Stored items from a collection
+ + + + +

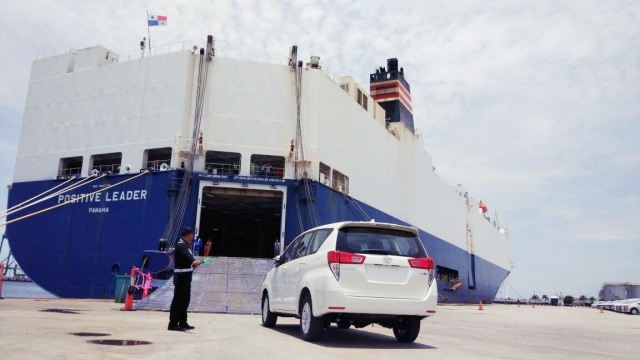 Ekspor 1 juta unit mobil Toyota ke berbagai negara Foto: Gesit Prayogi/kumparan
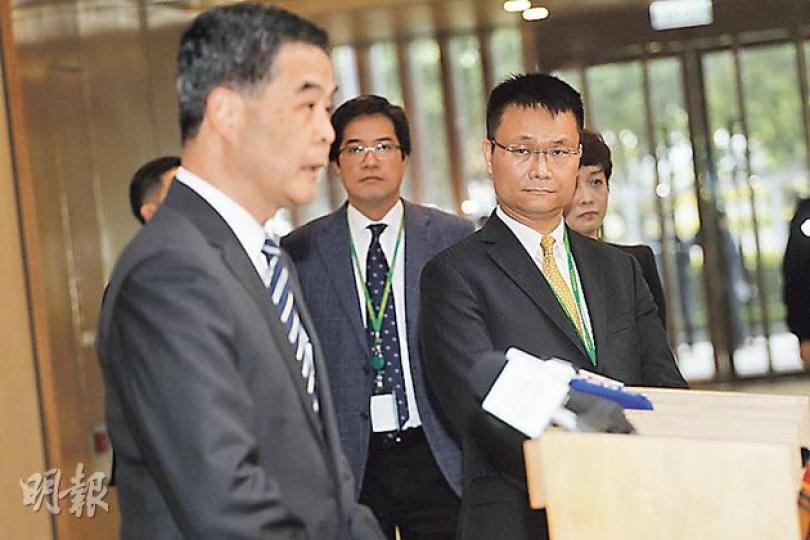 特首辦新聞統籌專員馮煒光(右)上任後極少蒲頭,Emily噚日等行會開會時見到佢,想同佢打個招呼,點知佢全程睇實梁振英(左)講嘢,跟住急急腳跟老細返上樓,現場咁多記者行家都唔認識下。(李紹昌攝) 特首辦新聞統籌專員馮煒光(右)上任後極少蒲頭,Emily噚日等行會開會時見到佢,想同佢打個招呼,點知佢全程睇實梁振英(左)講嘢,跟住急急腳跟老細返上樓,現場咁多記者行家都唔認識下。(李紹昌攝)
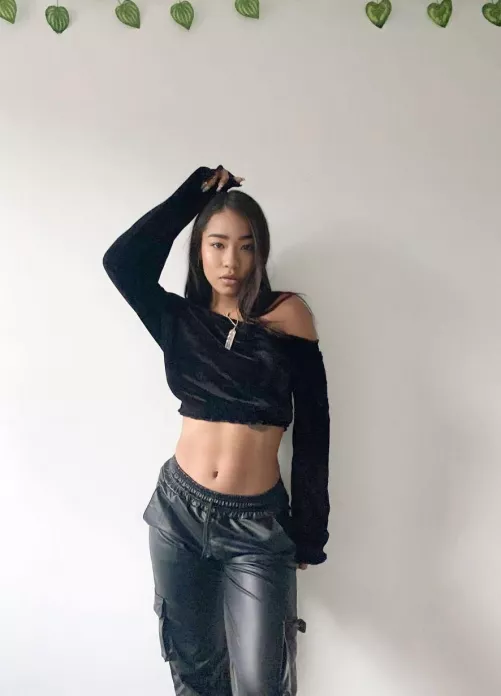 do i look sexy in croptops?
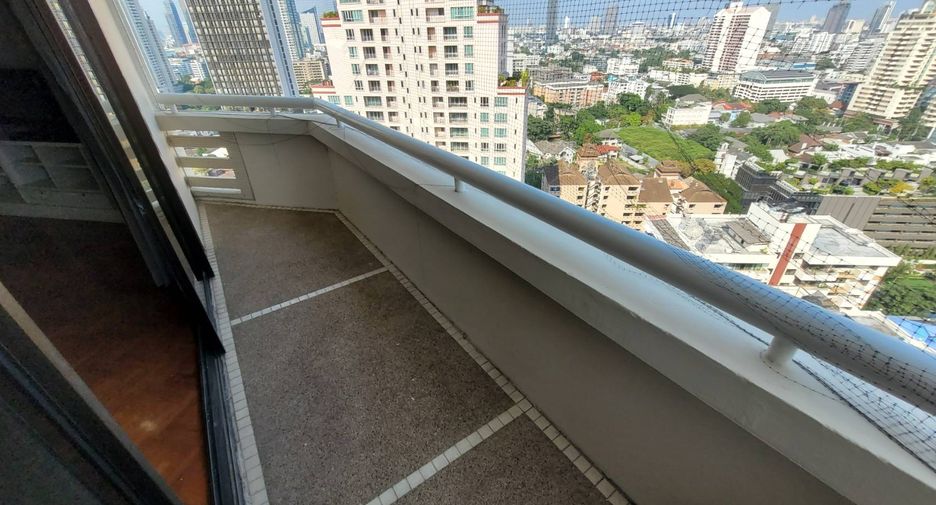 For rent 3 bedrooms condo in Khlong Toei, Bangkok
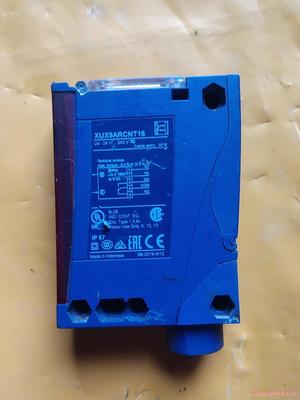 施耐德光电开关  XUX9ARCNT16 实物拍照，二手旧的(议价商品）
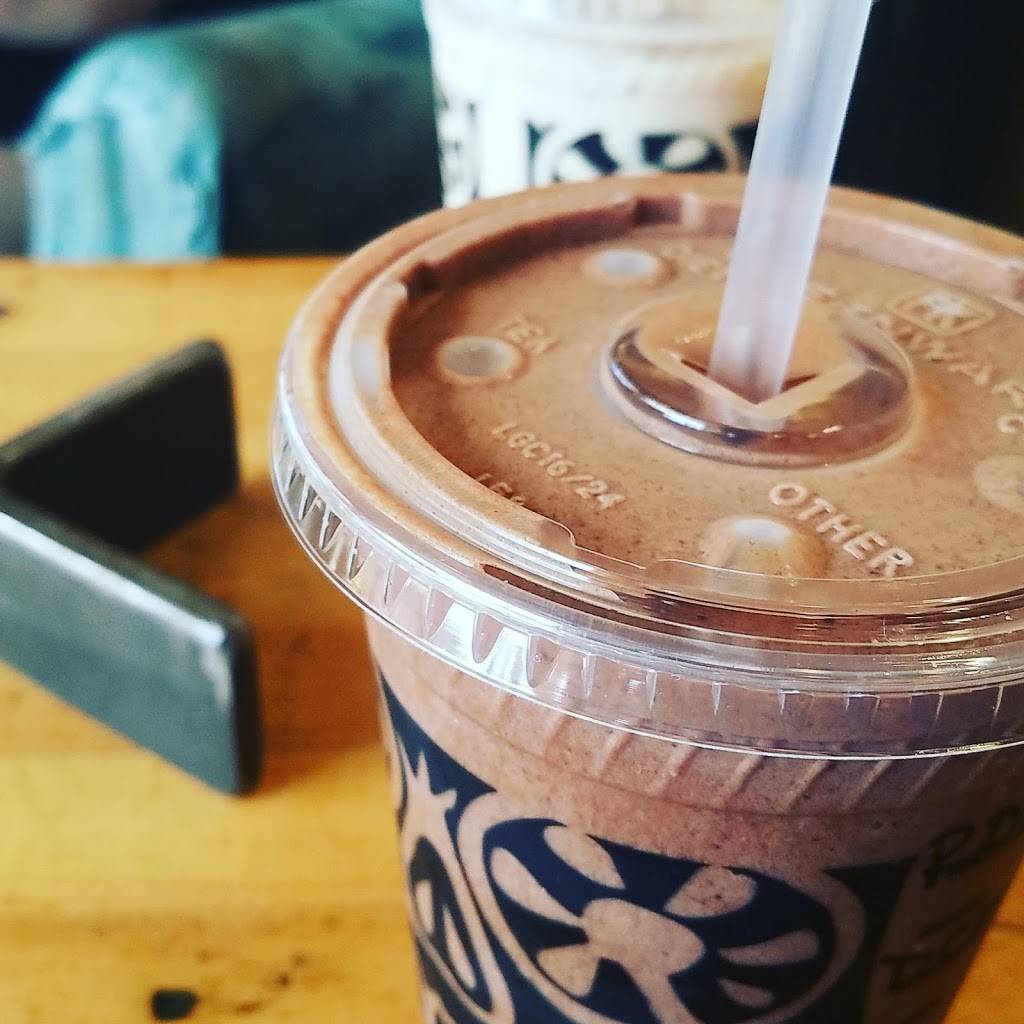 Colectivo Coffee - Mequon | cafe | Mequon Town Center, 11205 N Cedarburg Rd, Mequon, WI 53092, USA | 2623024051 OR +1 262-302-4051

+ + + + +

• Your objective: Return the data above in its exact wording, with none of the pictures.

• Task answer:
 Ekspor 1 juta unit mobil Toyota ke berbagai negara Foto: Gesit Prayogi/kumparan
 特首辦新聞統籌專員馮煒光(右)上任後極少蒲頭,Emily噚日等行會開會時見到佢,想同佢打個招呼,點知佢全程睇實梁振英(左)講嘢,跟住急急腳跟老細返上樓,現場咁多記者行家都唔認識下。(李紹昌攝) 特首辦新聞統籌專員馮煒光(右)上任後極少蒲頭,Emily噚日等行會開會時見到佢,想同佢打個招呼,點知佢全程睇實梁振英(左)講嘢,跟住急急腳跟老細返上樓,現場咁多記者行家都唔認識下。(李紹昌攝)
 do i look sexy in croptops?
 For rent 3 bedrooms condo in Khlong Toei, Bangkok
 施耐德光电开关  XUX9ARCNT16 实物拍照，二手旧的(议价商品）
 Colectivo Coffee - Mequon | cafe | Mequon Town Center, 11205 N Cedarburg Rd, Mequon, WI 53092, USA | 2623024051 OR +1 262-302-4051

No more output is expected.